Una gran parte de esta deuda privada está en los balances de sus bancos, con gran exposición a bienes raíces y empresas del sector de la construcción. A pesar de los mejores esfuerzos del FMI, que calcula el faltante de capital de la banca española en 40,000 millones de euros, en realidad, nadie sabe de qué tamaño será el faltante de capital una vez que se reconozca todas las pérdidas que, se sospecha, ocultan los bancos en sus balances.

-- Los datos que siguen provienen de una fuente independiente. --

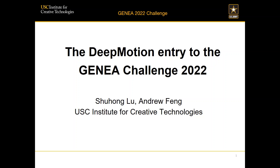My name is Andrew Fan, and here I'm with Xu Hong Liu. Together we will present our deep motion entry to the GENEA Challenge 2022.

En tanto no se resuelva este misterio, nadie tendrá confianza en la deuda del gobierno español, lo que a su vez daña de nuevo el balance de los bancos al reducir el valor de su mejor activo: la deuda soberana de España.

Fue ingenuo, por decir lo menos, pensar que endeudando al gobierno español, a través del fondo de reestructura de la banca, se resolvería el problema que para las finanzas públicas representa el pasivo contingente en el inevitable rescate de la banca. Es hora de hacer otras cosas para evitar el colapso de la eurozona en la batalla de España.

A largo plazo, será necesario avanzar hacia la formación de una unión fiscal y una unión bancaria. Pero mientras se alcanzan estos objetivos, se debe actuar urgentemente para contener la desintegración económica y financiera de la eurozona.

El BCE tendrá que convertirse en el regulador de los bancos con importancia sistemática, el nuevo fondo de estabilidad es el que debe aportar capital a los bancos directamente. El banco tendrá que ser más agresivo en su política monetaria y Alemania deberá adoptar una política fiscal expansiva.